07/10/2009

Fórum visita Mato Grosso do Sul e afasta índios e sem-terra

Instância criado pelo Conselho Nacional de Justiça (CNJ) para que o Judiciário dê respostas aos problemas relacionadas à posse da terra realizou encontro em Campo Grande (MS). Presidente do STF e autoridades distribuíram recados


 


Por Maurício Hashizume


 


Campo Grande (MS) – A escolha da capital do Mato Grosso do Sul como sede do I Encontro do Fórum Nacional para Monitoramento e Resolução de Conflitos Fundiários Rurais e Urbanos, realizado na semana passada, não foi por acaso. O Fórum promovido pelo Conselho Nacional de Justiça (CNJ) propõe respostas do Poder Judiciário à violência no campo e na cidade ligada à posse da terra. O coordenador do Comitê Executivo do Fórum e secretário-geral do CNJ, Rubens Curado, confirmou à Repórter Brasil que, desde a criação da instância em maio deste ano, representantes do Tribunal de Justiça do Mato Grosso do Sul (TJ-MS) se prontificaram a receber o evento.


 


Integrante do Comitê Executivo do Fórum e desembargador do TJ-MS, Sérgio Fernandes Martins tomou à frente da articulação para levar as discussões para o Centro-Oeste. Sérgio foi eleito vereador da capital pelo PMDB (1992 a 1996) e depois atuou Procurador-Geral do Município durante a gestão do atual governador André Pucinelli (PMDB) ainda como prefeito Campo Grande (MS), de 1997 a 2004. Em 2007, Sérgio foi nomeado como desembargador pelo próprio André Pucinelli, arauto dos interesses dos proprietários rurais e contrário ao processo em curso de demarcações de terras para povos indígenas que vivem tradicionalmente no Estado.


 


Na abertura do encontro, na terça-feira (29), as motivações da opção pelo Mato Grosso do Sul vieram à tona.
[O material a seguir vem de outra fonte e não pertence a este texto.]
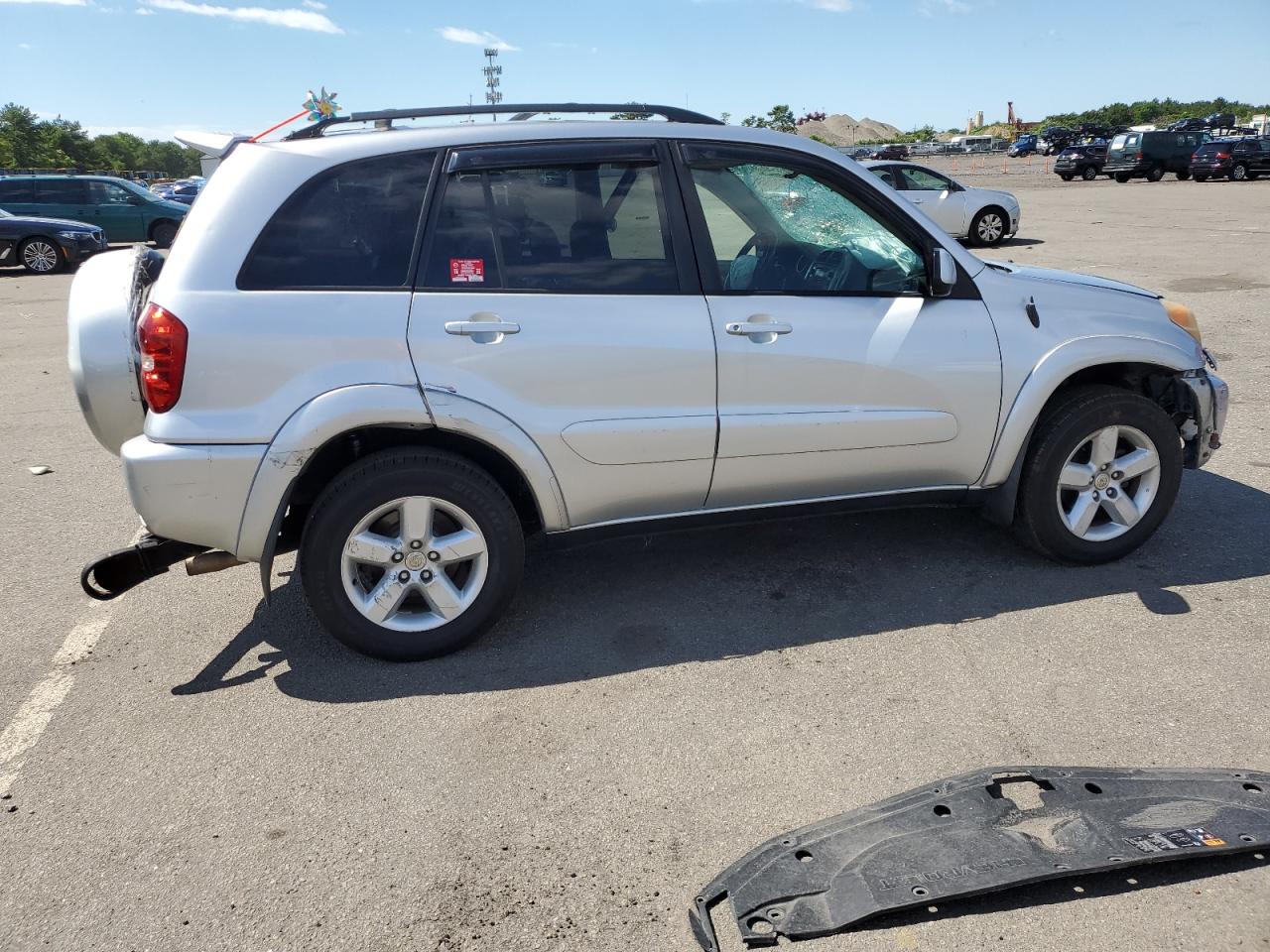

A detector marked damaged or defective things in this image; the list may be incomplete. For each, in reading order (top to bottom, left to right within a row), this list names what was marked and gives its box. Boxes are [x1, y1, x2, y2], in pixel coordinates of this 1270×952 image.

damaged silver suv [69, 102, 1229, 654]
exposed headlight [1163, 301, 1199, 347]
damaged front bumper [1178, 360, 1229, 469]
damaged front bumper [696, 767, 1270, 952]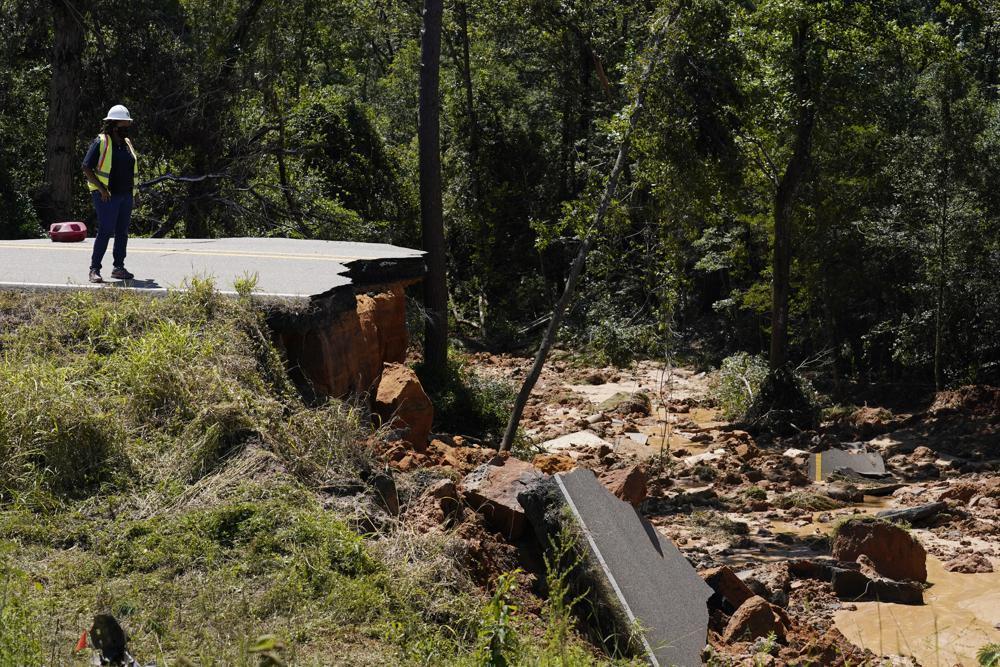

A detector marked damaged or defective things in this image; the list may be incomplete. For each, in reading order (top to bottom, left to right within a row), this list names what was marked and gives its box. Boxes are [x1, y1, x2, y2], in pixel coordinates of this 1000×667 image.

broken concrete chunk [460, 456, 548, 540]
broken concrete chunk [540, 428, 608, 454]
broken concrete chunk [808, 446, 888, 482]
broken asphalt slab [520, 470, 708, 667]
broken concrete chunk [524, 468, 712, 667]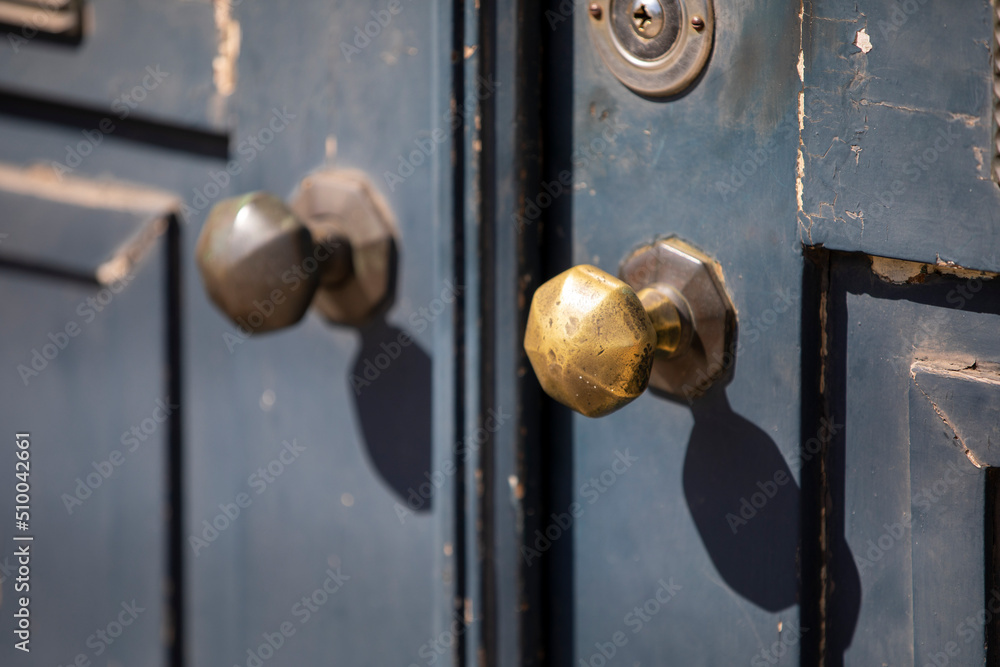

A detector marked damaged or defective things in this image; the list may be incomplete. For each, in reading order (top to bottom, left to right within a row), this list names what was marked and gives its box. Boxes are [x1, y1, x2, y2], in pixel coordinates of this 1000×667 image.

chipped paint [213, 0, 240, 97]
chipped paint [856, 28, 872, 53]
chipped paint [868, 254, 1000, 284]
O primeiro a discursar foi o desembargador Eupídio Helvécio Chaves Martins, presidente do TJ-MS. No atual momento de intensificação das discussões sobre os conflitos fundiários – entre eles o trabalho escravo, vale esclarecer -, é preciso, segundo ele, atender às demandas pelas reformas agrária e urbana, mas também – e principalmente – garantir o direito à propriedade, pois ambas estão presentes na Constituição.


 


Nos países em desenvolvimento, lembrou o desembargador, a produção de riqueza está concentrada na exploração dos recursos naturais. E no Mato Grosso do Sul, emendou, existe uma especial preocupação com a demarcação das Terras Indígenas (TIs). Diante disso, Eupídio cobrou respeito às áreas privadas que produzem muita riqueza. Para ele, além do foro cultural por trás das TIs, não se pode negar a “legitimidade” de áreas ocupadas há décadas por não-índios. Donos de terra não podem ser simplesmente “desapossados”, emendou o presidente do TJ-MS. A platéia, formada majoritariamente por estudantes remediados de Direito, respondeu com aplausos efusivos.


 


“Aqui não há grilo. Aqui não há posseiros”, prosseguiu o governador André Pucinelli, que também esteve presente na abertura do I Encontro do Fórum Nacional. Segundo ele, todos os proprietários do Mato Grosso do Sul receberam títulos de entidades governamentais, que foram distribuídos na formação da antiga região de Grande Dourados. Nas contas do governador, existem atualmente 72 litígios relacionados a TIs no Mato Grosso do Sul. “O problema”, na concepção dele, “não está nos índios e nem nos brancos, mas na inoperância da Funai [Fundação Nacional do Índio]”.


 


No discurso mais esperado, o presidente do Supremo Tribunal Federal (STF) e do CNJ, Gilmar Mendes, deu continuidade à sucessão de condenações públicas contra as ocupações de terra como forma de pressão pela reforma agrária. Aliás, como lembrou o ministro Gilmar, o próprio Fórum do CNJ para tratar do tema nasceu de um pronunciamento que ele próprio fez do alto da presidência do STF no sentido de que o Brasil não poderia mais conviver com essa situação. Tanto as ocupações como as apropriações ilegais de terra (as famosas “grilagens”) são, para Gilmar Mendes, intoleráveis, seja quem for o agente envolvido: sem-terra, posseiro, fazendeiro, empresa etc. “Temos uma Constituição que precisa ser respeitada”, bradou o presidente da corte.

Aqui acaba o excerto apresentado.